In these articles, we’ve been going through an old list of questions and answers contained in the Westminster Larger Catechism, published in the 17th Century. Recently, we’ve been looking at the mediation Christ makes for his church and what that entails. We saw that part of Christ’s mediation involves the justification and adoption of God’s people. Last time, we saw that Christ’s mediation also brings sanctification, which is an act of God’s grace by the Holy Spirit to make us holy.

But what does the Spirit do to make us holy? One act of the Holy Spirit is to apply the death of Christ to God’s people.

Why does the Christian not live in sin any longer? Why does the Christian seek to be holy to the Lord instead? Because he is now dead to sin.

Paul in his letter to the church in Rome says: ’What shall we say, then? Shall we go on sinning so that grace may increase? By no means! We died to sin; how can we live in it any longer? Or don’t you know that all of us who were baptized into Christ Jesus were baptized into his death? We were therefore buried with him through baptism into death in order that, just as Christ was raised from the dead through the glory of the Father, we too may live a new life. If we have been united with him like this in his death, we will certainly also be united with him in his resurrection. For we know that our old self was crucified with him so that the body of sin might be done away with, that we should no longer be slaves to sin–because anyone who has died has been freed from sin’ (Romans 6:1-7).
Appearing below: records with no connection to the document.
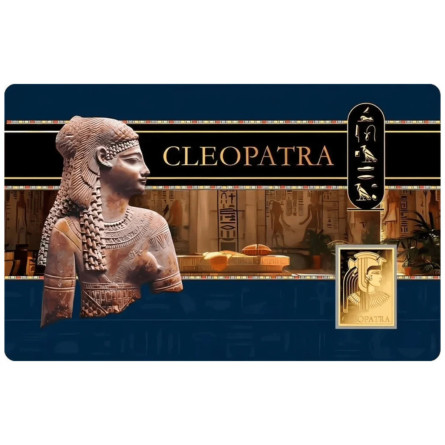 Złota Sztabka Kleopatra Karta 1/1000 uncji front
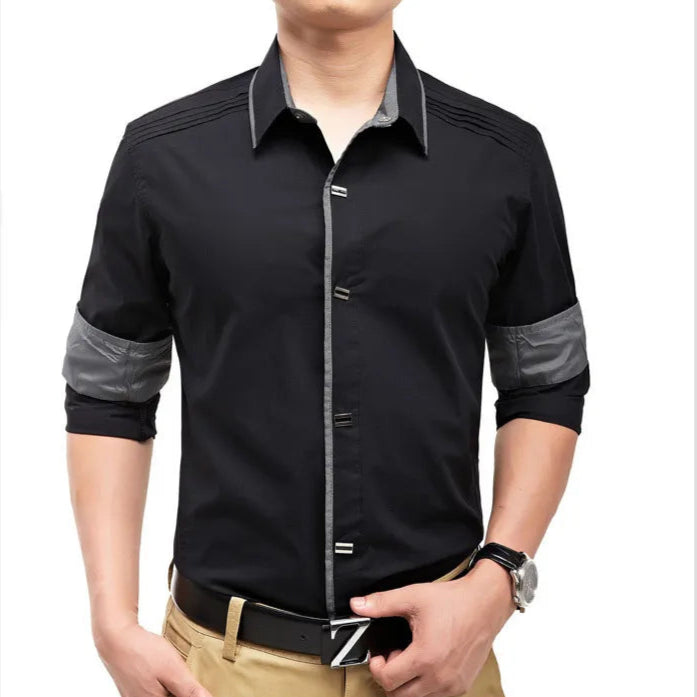 Cotton Dress Shirt With Shoulder Pleats Snap Close Buttons Business Office Work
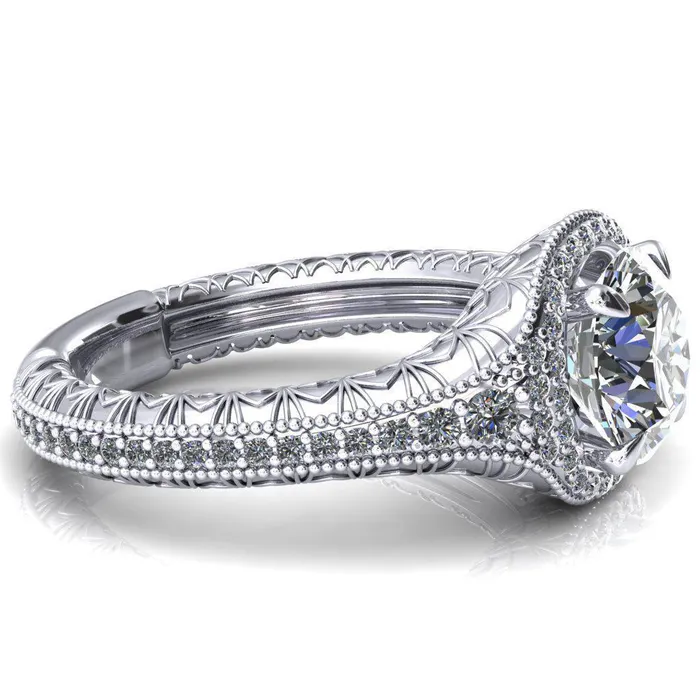 Rings Fire Brilliance Kylee Round Center Stone Accent Diamond Milgrain and Filigree Design 4 Prong Engagement Ring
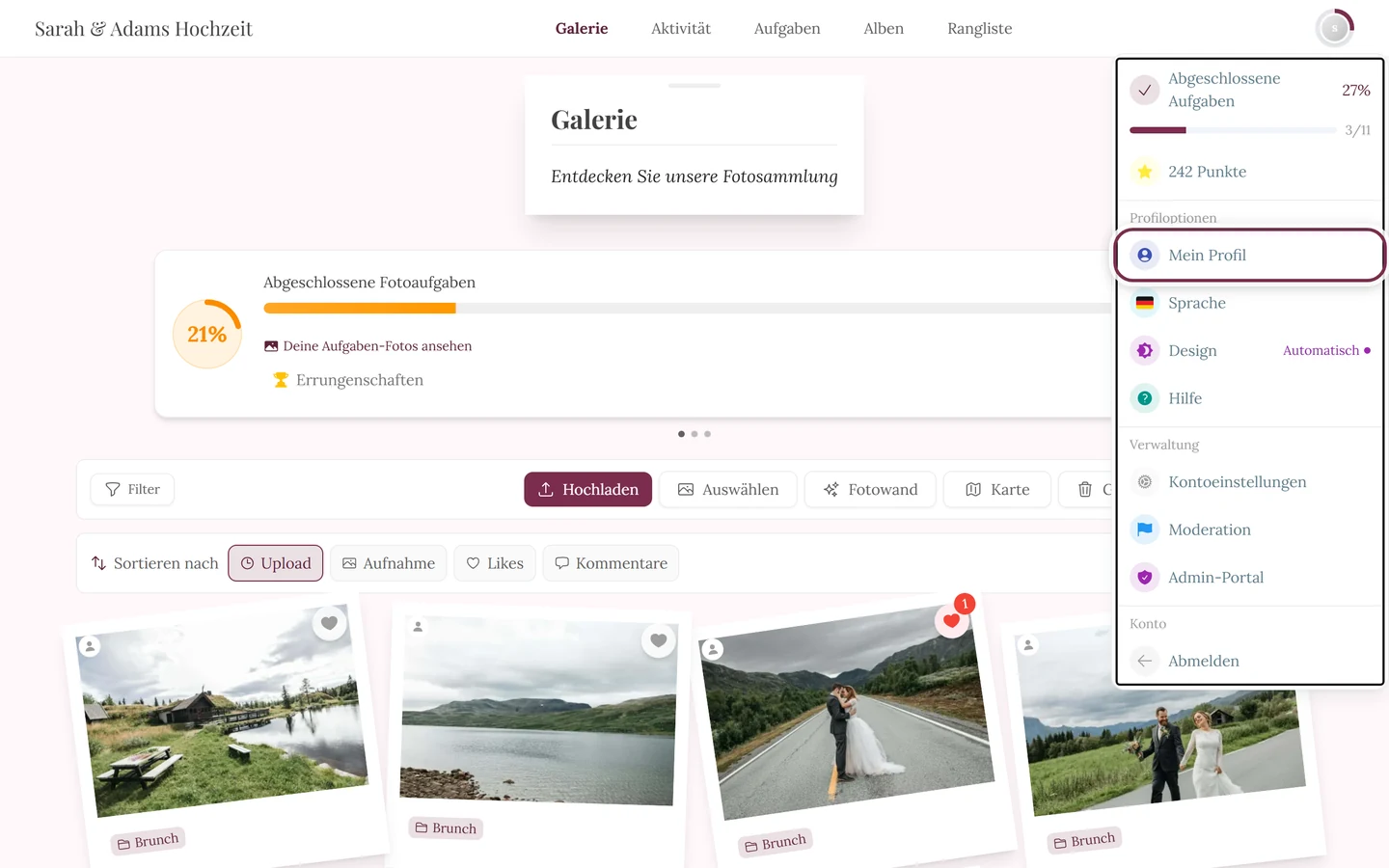Profilmenü oben rechts geöffnet, der Eintrag Mein Profil ist markiert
Paul  teaches  us  that  the  Christian  has been set free from sin – he is now holy to the Lord. And it is all because of the death of Christ. When Jesus died on the cross, Christians died too. By an act of God’s free grace, the Holy Spirit applied Christ’s death to all Christians so that they are washed from sin.

Paul uses an illustration in the next chapter of Romans to make the point clear: ‘Do you not know, brothers–for I am speaking to men who know the law–that the law has authority over a man only as long as he lives? For example, by law a married woman is bound to her husband as long as he is alive, but if her husband dies, she is released from the law of marriage. So then, if she marries another man while her husband is still alive, she is called an adulteress. But if her husband dies, she is released from that law and is not an adulteress, even though she marries another man. So, my brothers, you also died to the law through the body of Christ, that you might belong to another, to him who was raised from the dead, in order that we might bear fruit to God’ (Romans 7:1-4).

The law of God demands that sinners be punished with death: ‘For the wages of sin is death’ (Romans 6:23). But if the death that the law demands has taken place, then the person is free to go. The person is now sanctified – pure in the eyes of God. And that is what the Spirit has brought about using the death of Christ.

So how can you make sure you are sanctified? Trust that Jesus died for you and that you died with him. If you do that, it demonstrates that you have been sanctified by the Holy Spirit.